В первую минуту катастрофа показалась ужасной. Русских представляли себе “существами чудовищными, зловредными и кровожадными, с которыми нельзя было иметь дела без отвращения. Пришлось признать, что они нисколько не хуже других, что и среди них есть люди учтивые, приветливые и что иной раз нельзя не платить им дружбой и благодарностью” (Записки Адама Чарторыйского).
Екатерина обошлась с побежденными резко; Павел I изменил отношение к ним: освободил Костюшко, Немцевича, Мостовского, Капостаса, вернул на родину тысячи сосланных, доверил дипломатический пост молодому Адаму Чарторыйскому. Разоренные смутами XVIII века области стали отдыхать. Конечно, “золотая свобода” была утрачена, зато не приходилось больше страдать от крайностей своеволия. Козьмян следующим образом резюмирует мнение своих соотечественников, ставших русскими подданными: “С известной точки зрения нам живется лучше, чем во времена республики; мы в значительной степени сохранили то, что нам дала родина. Нам не приходится теперь бояться уманской резни; хотя Польши нет, мы живем в Польше, и мы — поляки”.

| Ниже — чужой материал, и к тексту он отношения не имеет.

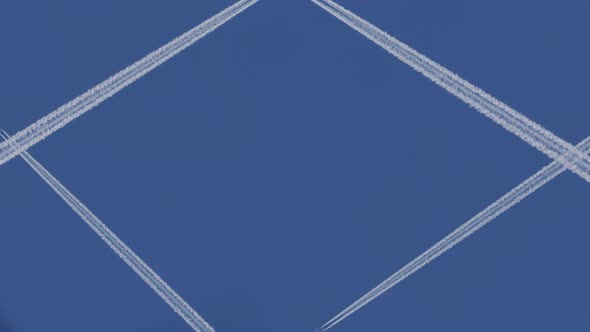 Airplanes Leaving White Traces on a Clear Blue Sky. Air Traffic. Place for Logo. alt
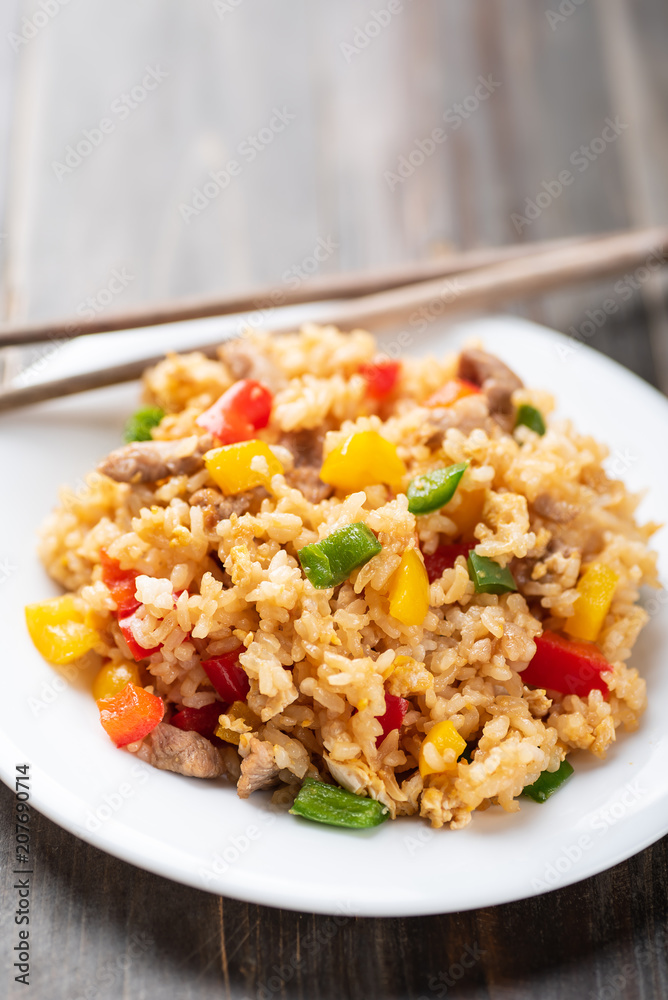 Fried rice with vegetables and pork, Asian cuisine Fried rice with vegetables and pork, Asian cuisine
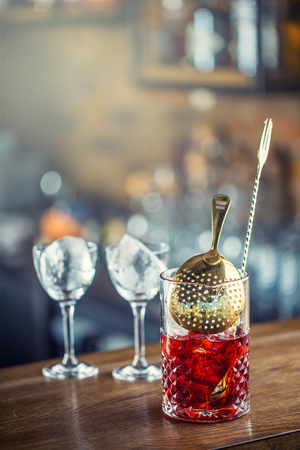 Manhattan cocktail drink decorated on bar counter in pub or restaurant.の写真素材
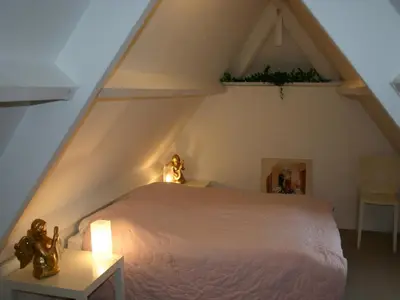 a bedroom with a white bed in a attic at Groet Villa Stay with Garden Views in Groet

В этом отношении Александр I явился продолжателем Павла I. Он вернул из Сибири сосланных, добился освобождения Коллонтая, который еще томился в австрийской тюрьме, призвал поляков в русский Сенат, назначил из их среды губернаторов в те губернии, которые входили раньше в состав республики, назначил Северина Потоцкого попечителем Харьковского, а Адама Чарторыйского — Виленского университетов. В этом звании Чарторыйский был настоящим министром народного просвещения, совершенно самостоятельным в пределах восьми губерний, образованных из бывших польских областей; Вильну он сделал очагом польской науки и литературы. Ученый патриот Тадеуш Чацкий был назначен инспектором школ Южной России (губернии Волынская, Подольская, Киевская); он основал с одобрения императора лицей в Кременце, ставшем для юга тем же, чем Вильна для севера. Волынь сделалась “посмертным раем Польши в царствование нового Траяна, который заслужил своего Плиния” (Козьмян).